COMO estamos todos tiesos, y los que aún no lo están prefieren parecerlo para no levantar sospechas, la Navidad ha recuperado un tono de contención que la hace más discreta, más íntima y hasta más elegante, aunque sea con la involuntaria elegancia moral de la pobreza. La crisis ha planchado el paisaje social con una agónica restricción del consumo; esta asfixia de horizontes, esta tristeza de incertidumbres ha trocado en hondo pesimismo —un treinta por ciento de los andaluces está convencido de que irá al paro en 2011— la no tan lejana fiesta de la opulencia y del derroche. El país de los perros atados con longanizas se ha sumergido en una forzosa austeridad que clarea las bullas de los comercios y atenúa el brillo de las luces callejeras. Hasta los villancicos suenan más quedos; de repente hemos retrocedido quince años y la ostentación se ha vuelto un pecado capital.
La frugalidad forzosa tiene sus ventajas. Han desaparecido o menguado muchos de los absurdos rituales superfluos de una Navidad banalizada. Las ciudades parecen menos agitadas; el correo electrónico sustituye al paroxismo postal de los christmas, los regalos de empresa se esfuman o se transforman en simbólicos detalles y los móviles no se saturan de absurdos y cursis sms enviados en cadena. El debate sobre el despilfarro navideño pierde sentido en medio de una sobriedad indefectible. Aquella ceremonia un poco obscena de la disipación, el fastuoso potlachpagano que malversaba en una alharaca de gasto exhibicionista cualquier atisbo de sentimental espiritual se ha diluido en un clima de temeroso recato que de algún modo devuelve la fiesta a su origen intimista. La recesión ha despojado de artificios petulantes la orgía consumista y ha devuelto al obsequio su carácter de ofrenda de cariño y de entrega. Ahora volvemos a saber que detrás de cada paquete envuelto hay un esfuerzo, un sacrificio y hasta una renuncia.

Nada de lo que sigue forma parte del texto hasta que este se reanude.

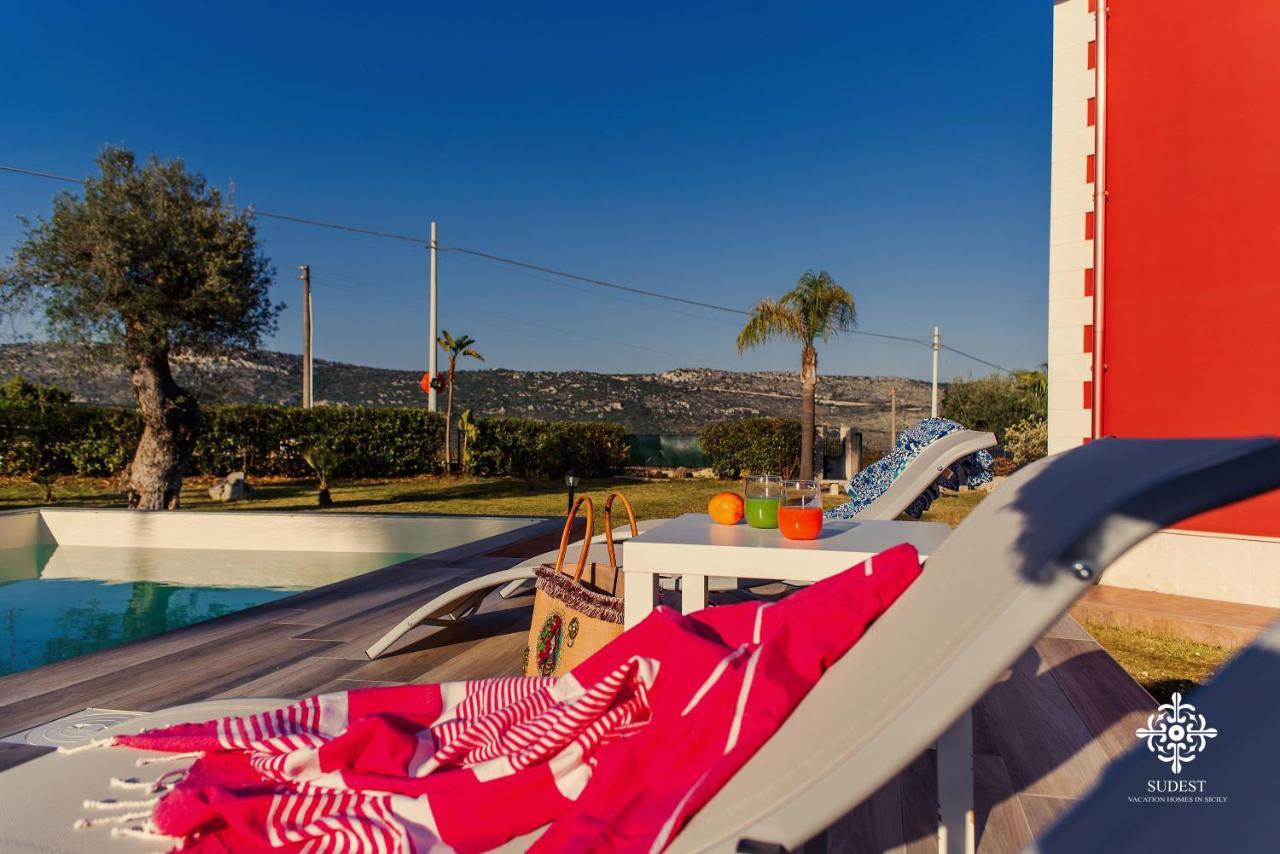 Villa Clara Country Retreat Solarino 외부 사진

Durante los años del esplendor económico, las Navidades eran la fiesta de un dispendio que provocaba cierta melancolía colectiva y la repugnancia manifiesta de los más estrictos moralistas. Ese ciclo consumista volverá pero antes se está remansando en una obligatoria cura de disciplina social que depura de frivolidades la atmósfera sobrecalentada de materialismo y plétora. Por ahora no ha lugar a demostraciones suntuosas que pueden ser malinterpretadas como una prosperidad petulante. Las dimensiones del bienestar se han humanizado y en esa reconversión estamos redescubriendo a la fuerza los valores de la moderación y la templanza. Quizá sea sólo un mal autoconsuelo pero no está de más pensar que la poda de estímulos artificiales nos devuelve de algún modo a una Navidad más desnuda y cercana a nosotros mismos, más próxima a la esencia intransferible de una felicidad vinculada a los afectos.